The Priority: Earth mission would have been better as the opener. Not the Crucible and having all the fleets there and everything. The fighting through No Man's Land, facing hordes of enemies in dark, bombed out cityscapes. It would have worked better as how the game starts and then you work your way up to a more powerful ending.
You know what you want your science fiction action game to be like? A fucking dirge. Like visiting your dying friend at the hospital. As the beginning, so the end.
Also, the idea of there being something else behind the Reapers, some true master pulling all the strings, also sucks as well. You don't need it. A player could come to the idea that the razing of civilisation when it gets too great is beneficial for sapient life as a whole on their own. It's fine if the Reapers just want to kill everything! They leave less developed species behind because they are a scuff on their shoe. Time doesn't mean the same thing to them, so they don't mind waiting rather than expending energy and attention trying to eradicate every single last trace of uncleanliness from the galaxy. It doesn't have to be part of a master plan!
Kai Leng sucks. Not in a "ooh, that villain! I want to kill him so badly!!" kind of way. He just sucks. Like, a guy wanting to kill you on foot with a sword, but then using a gunship when you actually start to win against him. A gunship you can't shoot at! Which you have before! He's a tourist. He's a guy pretending to be all tough, but pulling out air support when he's about to lose. If he wanted victory at all costs, he should just use the gunship from the start and don't even pretend that it's a fair fight.

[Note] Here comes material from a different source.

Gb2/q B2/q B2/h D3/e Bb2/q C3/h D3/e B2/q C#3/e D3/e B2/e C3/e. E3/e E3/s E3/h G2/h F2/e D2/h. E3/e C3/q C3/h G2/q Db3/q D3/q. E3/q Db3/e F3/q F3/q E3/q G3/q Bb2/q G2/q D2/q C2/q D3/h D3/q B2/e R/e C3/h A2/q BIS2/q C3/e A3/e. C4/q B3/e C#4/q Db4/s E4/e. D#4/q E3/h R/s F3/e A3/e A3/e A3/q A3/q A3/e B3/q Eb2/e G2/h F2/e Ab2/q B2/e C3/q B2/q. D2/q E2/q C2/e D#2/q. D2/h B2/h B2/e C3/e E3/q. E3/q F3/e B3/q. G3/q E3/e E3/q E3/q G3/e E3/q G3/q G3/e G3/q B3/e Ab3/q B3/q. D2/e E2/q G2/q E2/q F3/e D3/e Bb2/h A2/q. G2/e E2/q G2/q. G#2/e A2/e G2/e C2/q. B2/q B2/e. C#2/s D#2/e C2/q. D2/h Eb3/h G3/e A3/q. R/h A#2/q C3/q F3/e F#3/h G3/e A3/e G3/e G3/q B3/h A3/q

Which, okay, might be intentional characterisation. But, especially when I'm fully leveled up and am using slightly over-powered DLC guns, it's a fight that the game has already decided that you can't win and it makes you hang around until enough time has passed before making you lose. "But it's fiction and any fight has already been decided as able to win or not before the player even hit start" yes, but there are better ways to do it that don't make the player notice that control has been taken away from them. Thessia is a warzone. You're in a temple with its shields down. Unending waves of enemies would be a perfect way of making you lose a fight without making it feel like you're playing out a predetermined cutscene. Ammo drops could even be tweaked for that particular section to ensure that the insane players who try to kill enemy NPCs for hours on end eventually have to give up and move on. The player shouldn't feel the reins being taken out of their hands when the story needs to do something. Not because gamers need to be coddled. Because that's the function of a game.

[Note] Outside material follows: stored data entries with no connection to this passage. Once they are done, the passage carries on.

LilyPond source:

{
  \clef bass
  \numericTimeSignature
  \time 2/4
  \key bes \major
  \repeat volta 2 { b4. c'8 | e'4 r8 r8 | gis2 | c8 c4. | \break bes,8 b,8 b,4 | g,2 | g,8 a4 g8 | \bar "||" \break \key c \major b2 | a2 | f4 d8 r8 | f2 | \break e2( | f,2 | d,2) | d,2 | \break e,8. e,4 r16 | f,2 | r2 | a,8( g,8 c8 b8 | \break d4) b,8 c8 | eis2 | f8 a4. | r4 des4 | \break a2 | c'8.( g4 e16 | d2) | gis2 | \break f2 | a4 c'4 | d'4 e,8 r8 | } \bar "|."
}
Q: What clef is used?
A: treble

Mass Effect 3 should just have been about killing God
God, I swear, people who believe in god shouldn't be allowed to write science fiction
The Citadel DLC for Mass Effect is pretty fun ("I'm going to end you" vs. "I'm going to end you painfully" made me laugh) but it does almost feel like a mockery of the happy ending people wanted for 3.
Micia galattica
Like, I know the gun I'm using is OP and there are things that I could do to make the combat more difficult (I'm on the default difficulty) but that took less than five minutes. There is just no complexity to the mission.

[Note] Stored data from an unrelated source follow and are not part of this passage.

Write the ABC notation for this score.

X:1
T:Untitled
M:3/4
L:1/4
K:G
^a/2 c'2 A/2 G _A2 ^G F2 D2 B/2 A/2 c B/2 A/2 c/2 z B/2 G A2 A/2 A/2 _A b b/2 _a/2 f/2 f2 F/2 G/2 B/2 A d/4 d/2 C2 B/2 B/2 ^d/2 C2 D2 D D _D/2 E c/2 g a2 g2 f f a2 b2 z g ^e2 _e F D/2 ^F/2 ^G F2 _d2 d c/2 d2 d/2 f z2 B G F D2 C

The bases in the first game weren't all that complex, but they were designed as small dungeons, rather than multiplayer without a beginning and end, and you could generally go back to exploring whatever planet you were on after clearing out the base. A quick skirmish while you're doing something else. Even the ships you could sometimes encounter were dungeons that had an objective. You would usually get to the end and get a little screen saying "The bomb has been deactivated. The lives of the colonists on Ooblon have been saved". It's not a big faff Steve dropping you there and having a conversation with Admiral Hackett and then I walk two steps into a building, switch a computer on, then have to leave again. These N7 missions are a chore to play. It sucks.
Man, this sucks. This Noveria level is clearing designed as a multiplayer map instead of a cohesive, story-based mission. It sucks and is boring to play, because it's like playing against bots on a quite small multiplayer map. The mission is over before it even begins.